I used to have a blog where I dumped ideas, experiments and projects. That sense of publishing in public, or working in the open, felt like a commitment that would push me to finish things. But that is not always true. And also that blog made me feel like a millennial :-p, and it was built on a framework my technical instincts didn’t really like.
But I miss writing, so enter Texinfo: a familiar face.
Texinfo is the official documentation format of the GNU Project. Most
people encounter it through info pages and assume it is only for
software manuals. It is not.
With a Makefile containing one rule and a small CSS file, Texinfo produces clean, readable HTML from a plain-text source. This blog is built that way.
@code for inline code, @emph for emphasis, @file
for filenames. The stylesheet decides how it looks.
texi2any ships with most Linux
distributions and is available on macOS via Homebrew. The build does not require Node,
bundlers or a network connection.
Every Texinfo document starts with a small header, then content, then
@bye:
\input texinfo @setfilename doc.info @settitle My Document @documentencoding UTF-8 @node Top @top My Document Content here. @bye
That is the entire scaffold. Running texi2any --html --no-split
turns it into a single HTML file. Add --css-ref=style.css to link
an external stylesheet.
A short reference for the elements used most often:
@emph{text} — emphasis (a.k.a. italic), rendered as text.

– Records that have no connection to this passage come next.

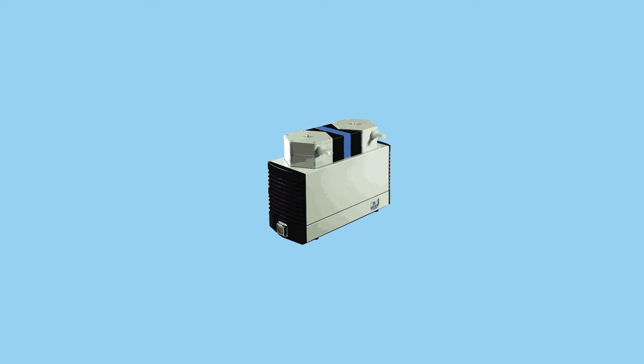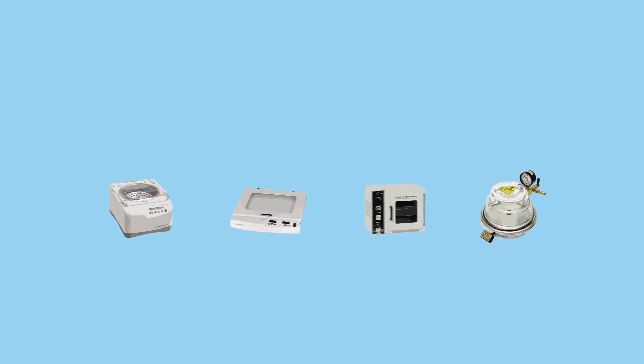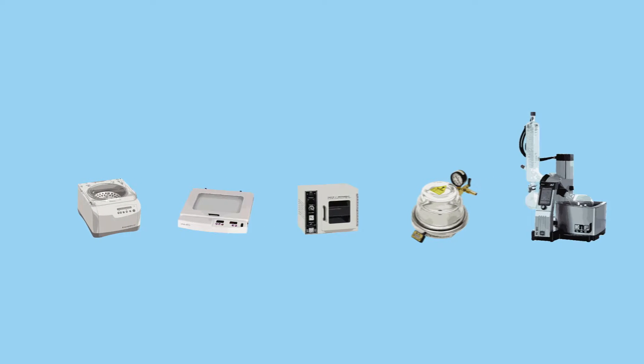To provide suction for aspiration and filtration, and to control vapor pressure for solvent evaporation in concentrators, gel dryers, vacuum ovens, desiccators, and rotary evaporators.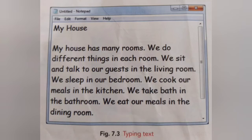The next thing is creating a new document. Once you open the Notepad window, you can create a new document. Click File and then select New. Then you can type some lines, for example: 'My house has many rooms. We do different things in each room.'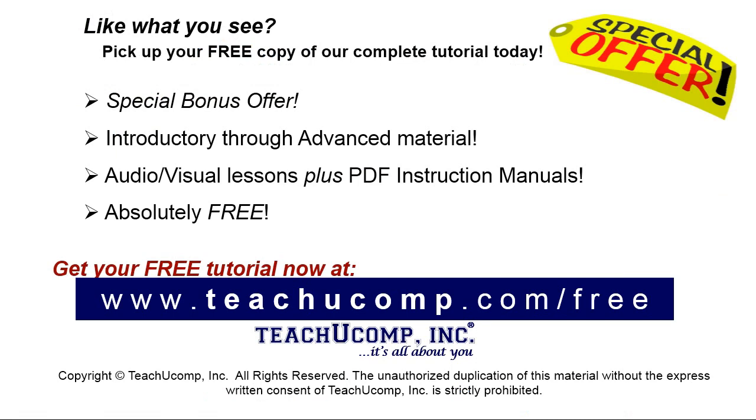Like what you see? Pick up your free copy of the complete tutorial at www.teachyoucomp.com/free.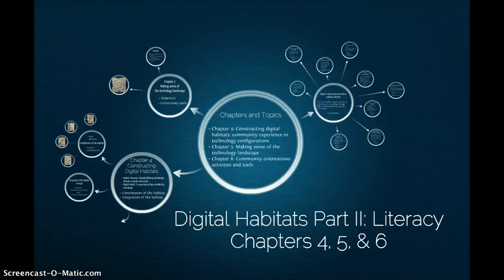Overall, Chapters 4, 5, and 6 give the full landscape of tools and features of digital habitats and how they come together to support a community.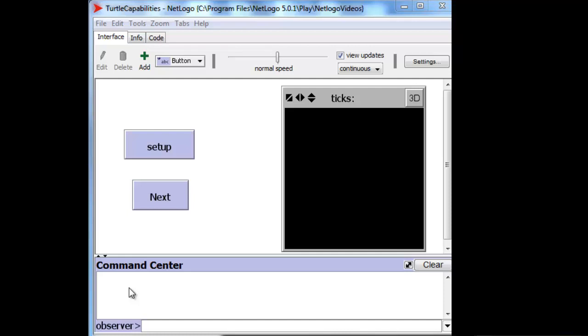There are three different types of objects in NetLogo that you can see and you can program to do things. The first type is turtles, which you probably heard of. Let's create one.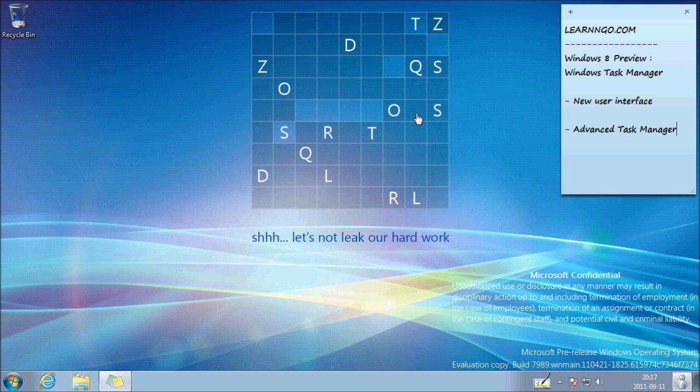So that was a quick look at the new Windows Task Manager. I hope you guys enjoy it. If you want to watch more videos, you can go on learnandgo.com or go on my YouTube channel. Thanks for watching.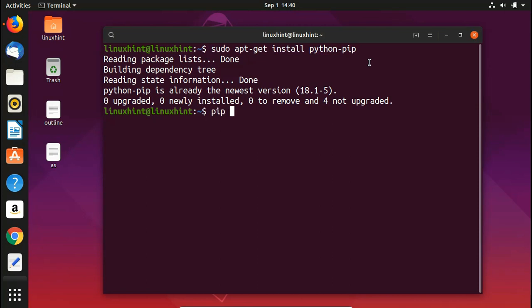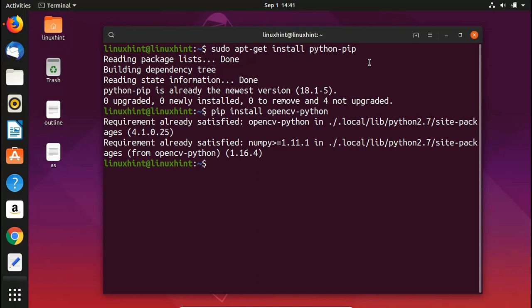To install OpenCV via PIP, write 'pip install opencv-python' and hit enter. We are using the PIP module here, not apt-get — you can also install via apt-get and I'll put that command in the description as well. It would basically install OpenCV. In my case it says requirement already satisfied because I have already installed OpenCV on my system. When you run this command for the first time, it will ask for confirmation — press Y and it will take a while to complete the installation.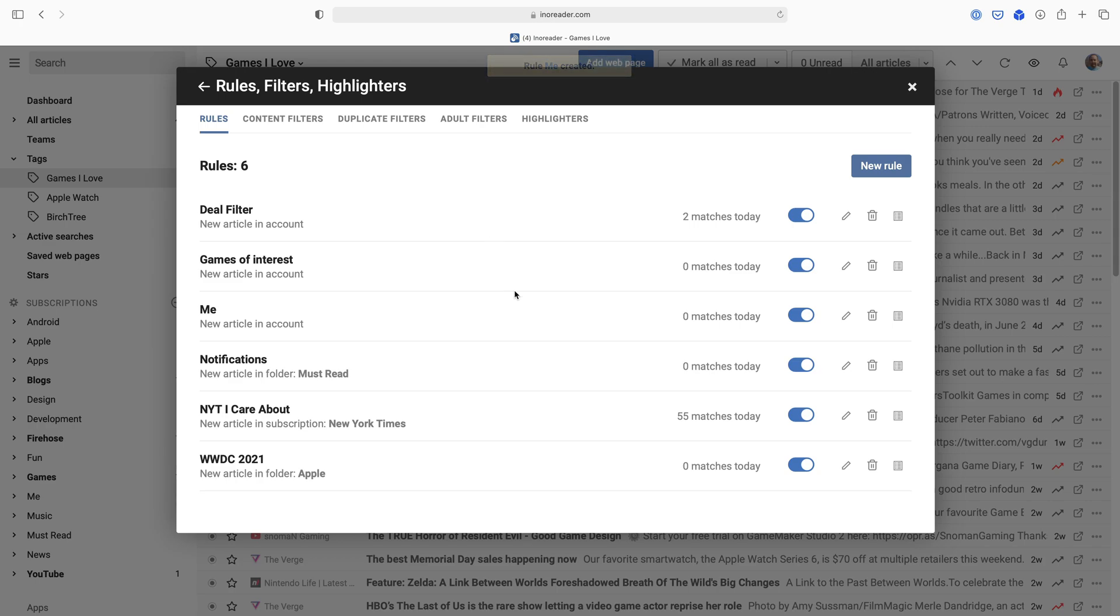That's how rules work in Inoreader. There is more you can do with them, but hopefully this was a good overview as to how you can start using them, some example rules you could set up. And yeah, if you liked it at all, if you got some value out of it, I'd love if you hit the like button. If you want to see more videos like this, hit the subscribe button. I will see you here next time. Bye.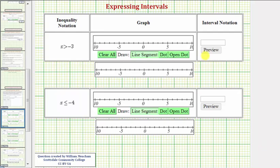In this exercise, we'll practice expressing intervals using inequality notation, using a graph, and also using interval notation.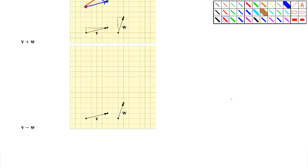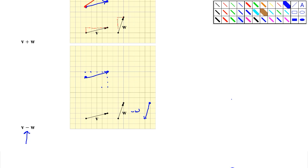Let's look at V minus W. V goes up one and over four. Then the W vector should go up three and to the right one. But because of the negative, the negative of a vector has the same magnitude but the opposite direction. So negative W goes down three while going back one. The resultant goes from the original tail to the final head — this is V minus W.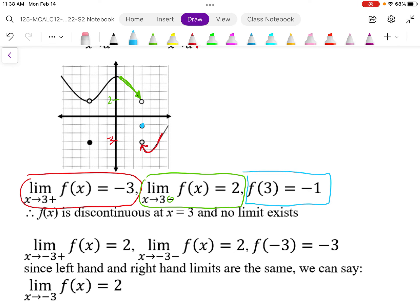The limit tells us where the function is headed — it doesn't tell us what's actually happening at x equals 3. Because this graph breaks apart it's discontinuous, and if a graph is discontinuous there's no limit at that point — the limit does not exist. As one-sided limits they do exist, but as a two-sided limit it does not exist, because the right-hand and left-hand limits do not come to the same value.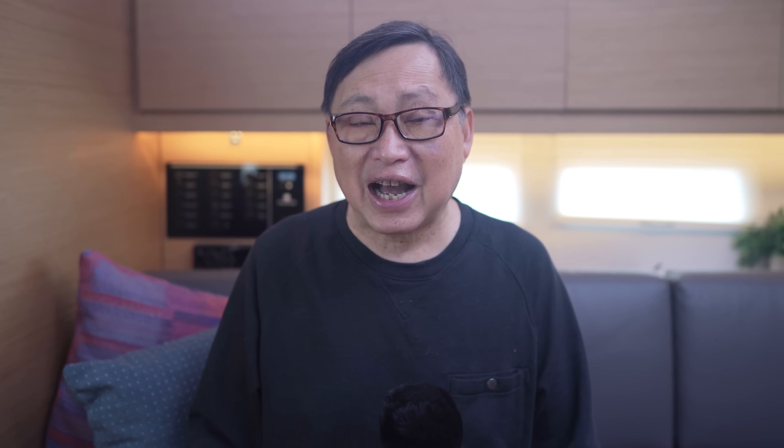I have to tell you the truth. The moment I found out that I could not log into Windows 11 Home without a Microsoft account, I was pissed. I could have upgraded to Windows 11 Pro, but to do that you need to use a Microsoft account to download the update from the Microsoft Store. So that didn't solve anything.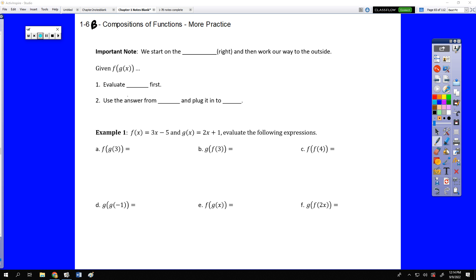Hello ladies and gentlemen, welcome to the second video for chapter 1, section 6 in your pre-calculus book. This is going to take a much deeper look at the idea of function composition, and we'll provide more practice with some more varied forms of composition.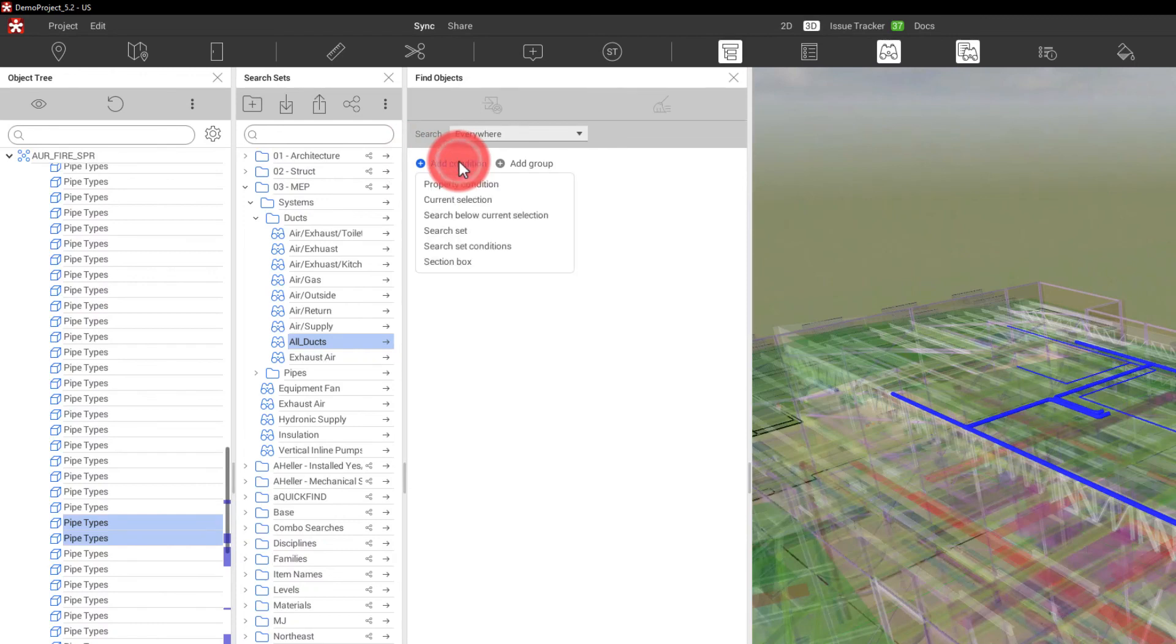Thank you for joining me for this find objects tutorial and we will continue on with the search sets next. Thank you for joining me.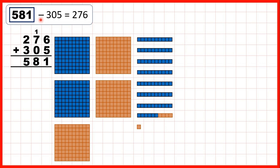Then we had some subtraction problems. First, something minus 305 equals 276. Here we've shown 581 altogether. But you can see that in blue we have 276, because we have 2 hundreds, 7 tens, and 6 individual ones. And we have 305 in red, because we have 3 hundreds and altogether 5 ones — 1 here and 4 here.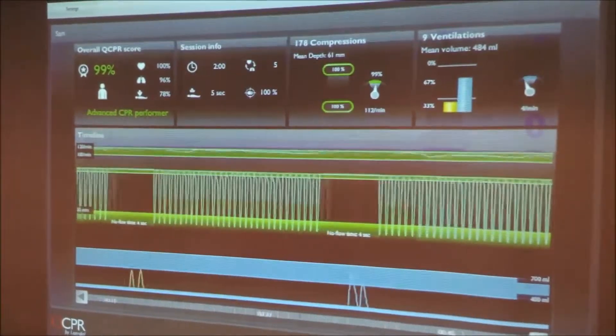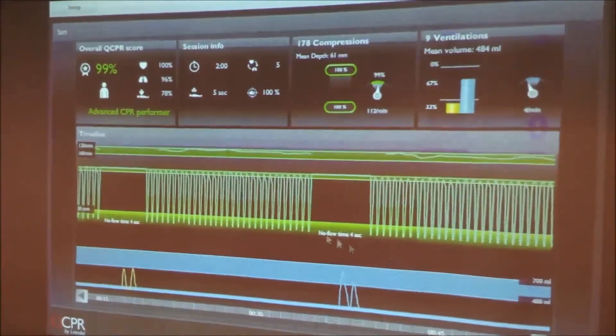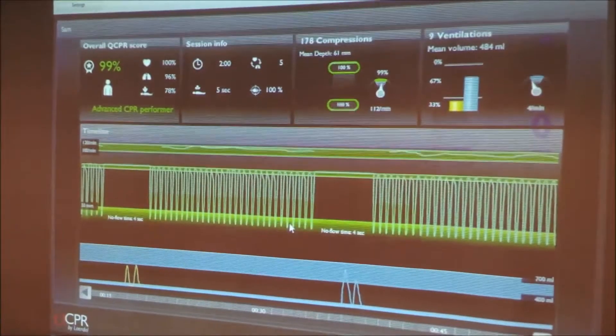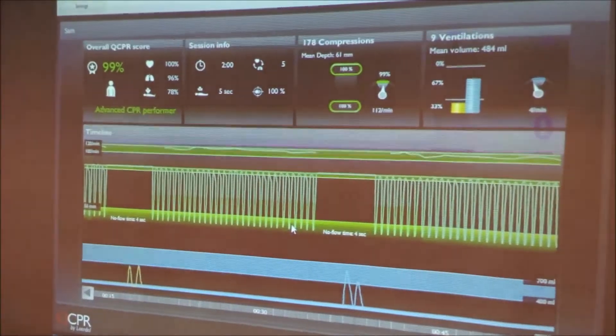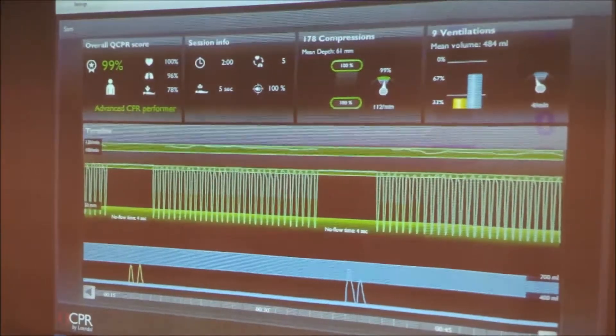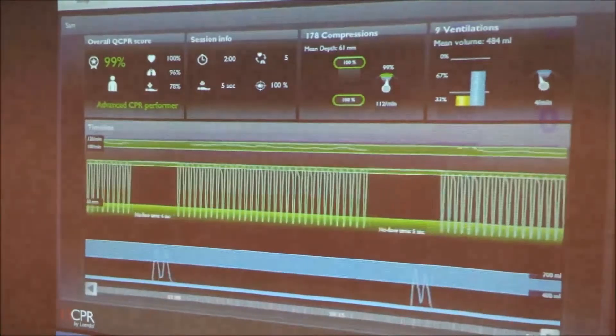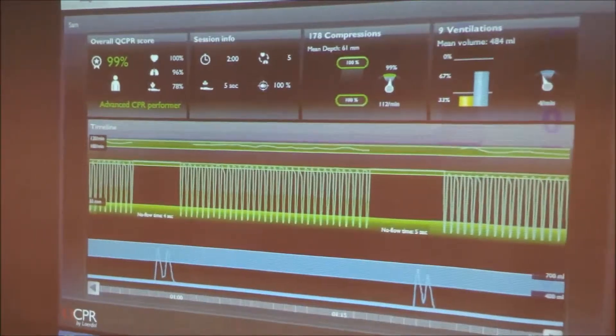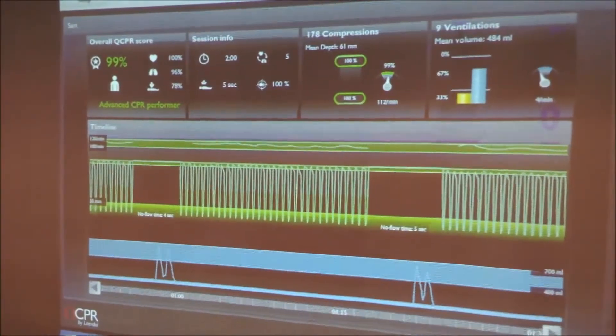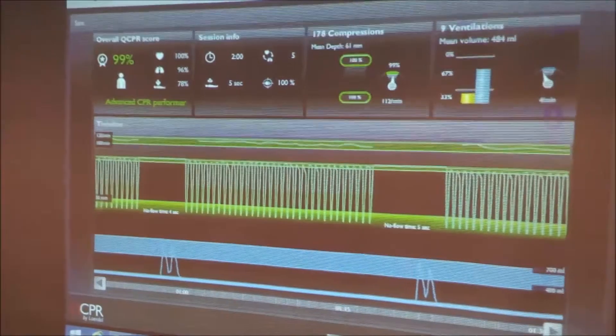And I'm going to move the data on because we can see here all the compressions, the 30 compressions, and then we get to 2 ventilations. And if I move it on again, we'll see more compressions and ventilations, and that mean no flow time of 5 seconds.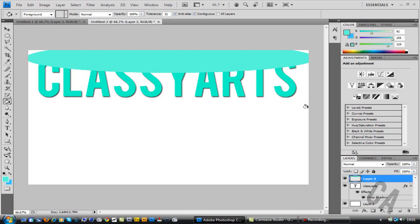Now, as you can see, press Ctrl+D to deselect. As you can see, it's not showing on the text, it's over the text. To get it onto the text, it's a bit like the texture tutorial I've done.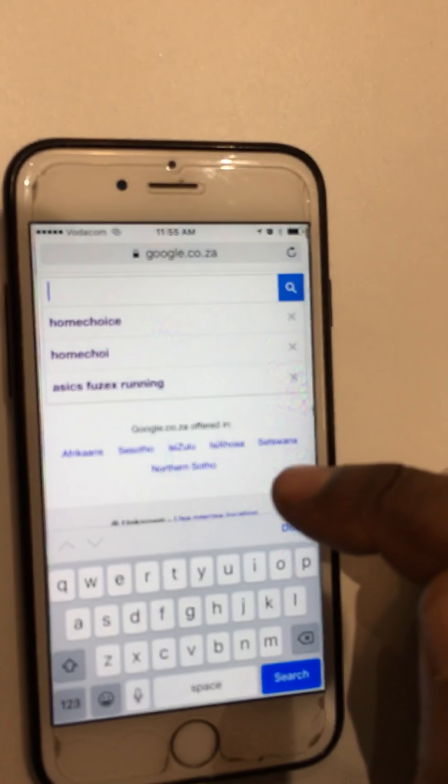First, you will go to Google and type in HomeChoice. The first screen that comes up will say HomeChoice Shop — HomeChoice on mobile. You will click on that one. The HomeChoice application will come up, and right on top you'll see Quick Order and there's a basket. Click on the basket.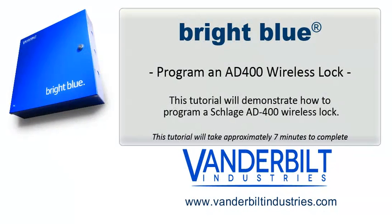This tutorial will demonstrate how to program a Schlage AD400 wireless lock.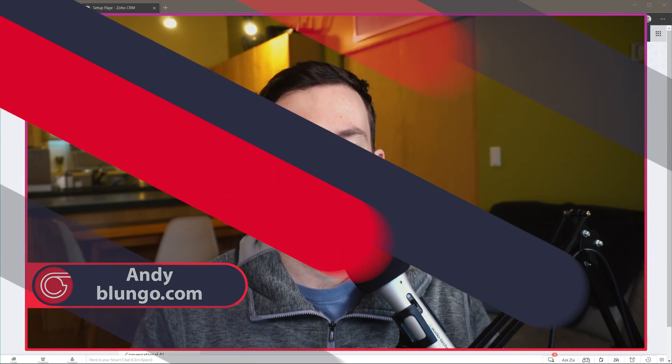Hi everyone, this is Andy with Blungo.com and in this video I'm going to show you how to edit a module layout in Zoho CRM. Let's start.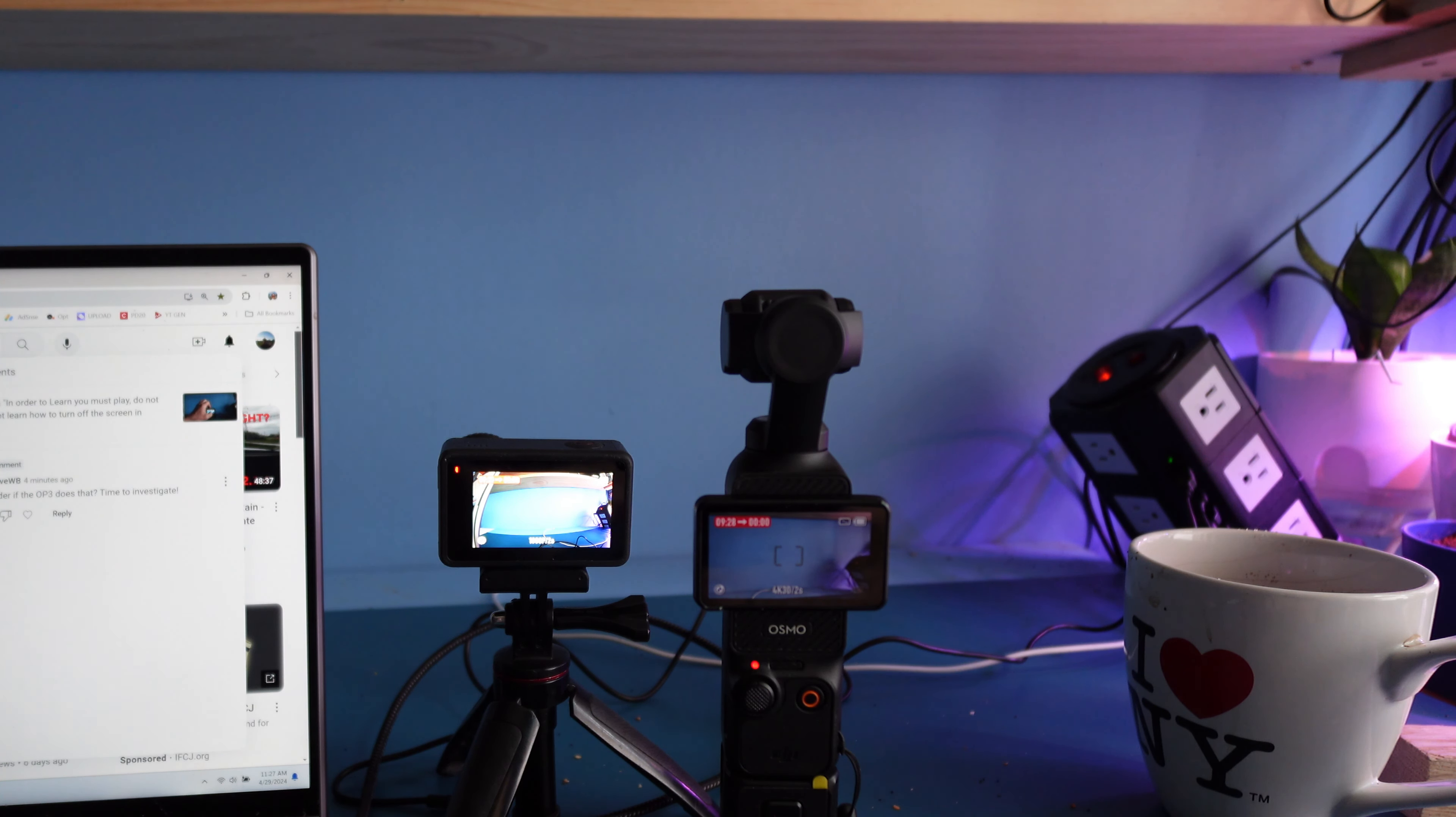If I swipe down, I have the same screen, but if I swipe down here, I can set my camera to turn off in three seconds.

@strong{text} — bold, rendered as text.
@code{text} — inline code, rendered as text.
@example / @end example — a preformatted code block.
@footnote{note} — an inline footnote.1 The text appears at the bottom of the page with a backlink.
@uref{url, label} — a hyperlink.
Texinfo was designed for software documentation, not long-form prose. It has no native support for bibliographies, figure captions or tables with merged cells. For a short blog post these rarely matter. For a book-length work you would feel them.
The format also does not allow arbitrary HTML inline, and you must use
@html / @end html blocks to escape. Use that hatch
sparingly. Overuse makes the source hard to read.
Texinfo occupies an unusual place in modern publishing. It is old, minimal and largely unchanged, yet it continues to solve a real problem: turning structured plain text into durable documentation without a large toolchain. For small websites, technical notes and software manuals, that simplicity becomes a strength rather than a limitation.
The modern web often treats publishing as an application problem requiring frameworks, package managers and build pipelines. Texinfo approaches it as a text-processing problem. The source remains readable without special tools, the output formats are generated from the same document and the entire system can be understood in an afternoon.
That does not make Texinfo the right tool for every project. It lacks many features expected from contemporary publishing systems, especially for visually complex layouts. But for writers who value plain text, reproducibility and long-term readability, it remains a surprisingly practical format decades after its creation.
And about the old posts I’ve written, and now locked in a version-control system, they will occasionally find a home here as well.
Texinfo is older than the modern static-site ecosystem by decades. The format was originally developed in the 1980s for GNU manuals and remains actively maintained today.